Car si le casting s'est fait avec des noms bien identifiés des fans de rap américain (Sexxy Red, Gunna, Ca$h Cobain), les vrais stars de ce disque sont ses producteurs un peu barrés dont le grand public n’a jamais entendu parler. On parle ici de Eddie Benjamin, de Mk.Gee et donc de Dijon, trois figures importantes de ce qu’on rangera sous une appellation un peu fourre-tout : le bedroom R&B, un sous-genre qui insiste sur l’aspect introverti et sensible de ses auteurs, narrant avec bravoure et impudeur des relations amoureuses teintées de moments de gêne, de dépression ou d’angoisse.

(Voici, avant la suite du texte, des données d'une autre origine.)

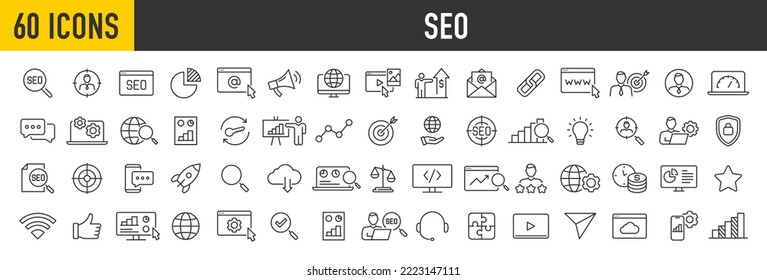 Conjunto de 60 iconos web SEO en estilo de línea. Contacto, destino, negocio y marketing, tráfico, clasificación, optimización, colección de sitios web. Ilustración vectorial.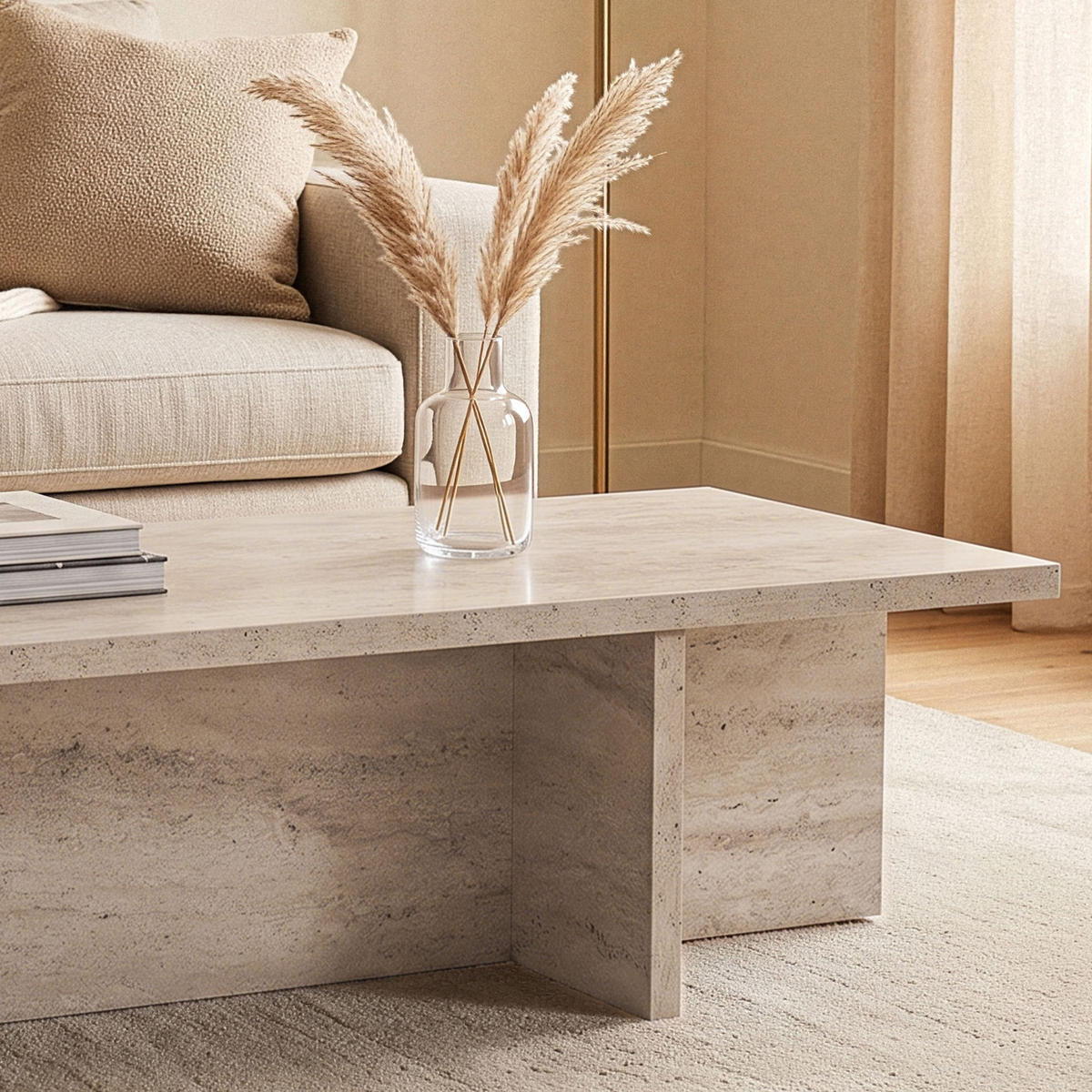 COUCHTISCH mit rechteckiger Platte und asymmetrischem Fuß L120 cm - HARBOR - Beige, Holzwerkstoff (50/45/30cm) - Calicosy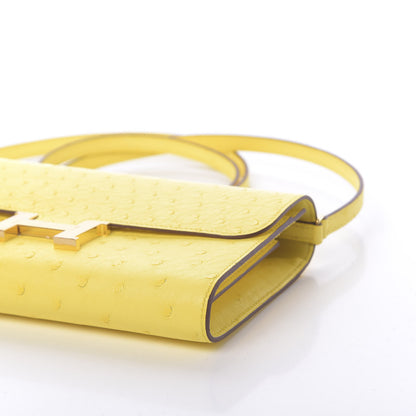 Hermes Ostrich Constance Long Wallet To Go Jaune Citron 9 of 11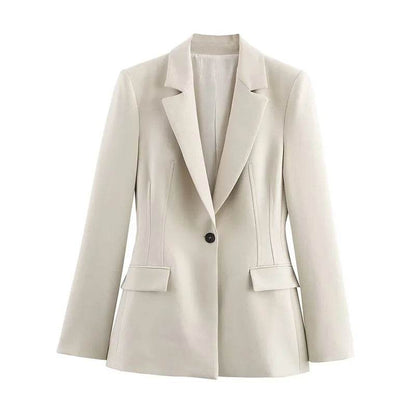 Chic Office Lady Women Suit - V Neck Blazer & Flare Pants Set - Buy Center UK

Dijon, en plus d’être le chanteur le plus intéressant de cette scène, est aussi celui s’étant manifesté le plus rapidement suite à la sortie de Swag. Son deuxième LP, Baby, a été annoncé trois semaines après celui de Biebs et est sorti la semaine suivante. On pouvait craindre que la nouvelle exposition de Dijon, toute relative certes, lui aurait inspiré des envies de refrains plus lisibles, de productions plus lisses. Mais pour certains artistes, notamment pour ceux qui réfléchissent leur musique bien en amont, le formatage n’est pas une option.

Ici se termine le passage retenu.